[Records shown]

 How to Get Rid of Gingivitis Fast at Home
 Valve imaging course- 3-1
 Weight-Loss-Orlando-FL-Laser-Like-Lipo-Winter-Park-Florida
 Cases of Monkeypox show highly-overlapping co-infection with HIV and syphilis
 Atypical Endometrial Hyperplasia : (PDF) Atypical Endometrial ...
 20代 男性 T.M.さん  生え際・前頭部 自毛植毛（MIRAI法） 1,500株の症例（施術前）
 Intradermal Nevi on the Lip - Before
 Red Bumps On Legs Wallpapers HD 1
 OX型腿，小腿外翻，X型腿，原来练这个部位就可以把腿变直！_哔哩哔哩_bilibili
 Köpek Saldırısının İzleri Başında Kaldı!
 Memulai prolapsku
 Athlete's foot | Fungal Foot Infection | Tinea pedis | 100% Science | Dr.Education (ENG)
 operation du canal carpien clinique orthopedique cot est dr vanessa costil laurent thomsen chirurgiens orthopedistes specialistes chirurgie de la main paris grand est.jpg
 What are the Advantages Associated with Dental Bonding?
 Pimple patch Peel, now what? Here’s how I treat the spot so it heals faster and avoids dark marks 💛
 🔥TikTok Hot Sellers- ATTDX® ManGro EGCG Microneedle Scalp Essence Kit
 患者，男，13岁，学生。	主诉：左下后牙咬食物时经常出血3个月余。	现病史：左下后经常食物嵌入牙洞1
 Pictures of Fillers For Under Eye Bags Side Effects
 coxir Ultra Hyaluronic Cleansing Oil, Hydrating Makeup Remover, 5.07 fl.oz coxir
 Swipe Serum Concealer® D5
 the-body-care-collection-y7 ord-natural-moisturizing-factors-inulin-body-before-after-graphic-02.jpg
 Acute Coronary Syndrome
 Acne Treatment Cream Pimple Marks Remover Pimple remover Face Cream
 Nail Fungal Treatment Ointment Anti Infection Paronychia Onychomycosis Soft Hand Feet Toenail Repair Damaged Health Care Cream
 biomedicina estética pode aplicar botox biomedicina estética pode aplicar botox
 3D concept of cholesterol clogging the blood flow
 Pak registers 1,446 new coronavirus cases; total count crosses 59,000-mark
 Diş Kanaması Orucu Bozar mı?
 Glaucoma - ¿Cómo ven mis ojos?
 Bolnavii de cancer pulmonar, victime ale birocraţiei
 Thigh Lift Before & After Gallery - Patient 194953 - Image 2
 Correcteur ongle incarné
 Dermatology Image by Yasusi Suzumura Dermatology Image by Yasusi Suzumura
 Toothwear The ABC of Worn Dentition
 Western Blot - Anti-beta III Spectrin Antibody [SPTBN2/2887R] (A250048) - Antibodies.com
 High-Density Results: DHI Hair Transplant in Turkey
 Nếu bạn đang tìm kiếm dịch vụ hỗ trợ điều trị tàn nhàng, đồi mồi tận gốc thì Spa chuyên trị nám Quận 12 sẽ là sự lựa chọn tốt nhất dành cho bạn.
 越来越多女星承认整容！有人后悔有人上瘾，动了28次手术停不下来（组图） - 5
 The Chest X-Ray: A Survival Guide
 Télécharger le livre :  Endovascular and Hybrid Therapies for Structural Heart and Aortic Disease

[What to produce] An exact copy of the lines from the one with "coxir Ultra Hyaluronic" through the final line of the entries is the whole answer.

[Final answer]
 coxir Ultra Hyaluronic Cleansing Oil, Hydrating Makeup Remover, 5.07 fl.oz coxir
 Swipe Serum Concealer® D5
 the-body-care-collection-y7 ord-natural-moisturizing-factors-inulin-body-before-after-graphic-02.jpg
 Acute Coronary Syndrome
 Acne Treatment Cream Pimple Marks Remover Pimple remover Face Cream
 Nail Fungal Treatment Ointment Anti Infection Paronychia Onychomycosis Soft Hand Feet Toenail Repair Damaged Health Care Cream
 biomedicina estética pode aplicar botox biomedicina estética pode aplicar botox
 3D concept of cholesterol clogging the blood flow
 Pak registers 1,446 new coronavirus cases; total count crosses 59,000-mark
 Diş Kanaması Orucu Bozar mı?
 Glaucoma - ¿Cómo ven mis ojos?
 Bolnavii de cancer pulmonar, victime ale birocraţiei
 Thigh Lift Before & After Gallery - Patient 194953 - Image 2
 Correcteur ongle incarné
 Dermatology Image by Yasusi Suzumura Dermatology Image by Yasusi Suzumura
 Toothwear The ABC of Worn Dentition
 Western Blot - Anti-beta III Spectrin Antibody [SPTBN2/2887R] (A250048) - Antibodies.com
 High-Density Results: DHI Hair Transplant in Turkey
 Nếu bạn đang tìm kiếm dịch vụ hỗ trợ điều trị tàn nhàng, đồi mồi tận gốc thì Spa chuyên trị nám Quận 12 sẽ là sự lựa chọn tốt nhất dành cho bạn.
 越来越多女星承认整容！有人后悔有人上瘾，动了28次手术停不下来（组图） - 5
 The Chest X-Ray: A Survival Guide
 Télécharger le livre :  Endovascular and Hybrid Therapies for Structural Heart and Aortic Disease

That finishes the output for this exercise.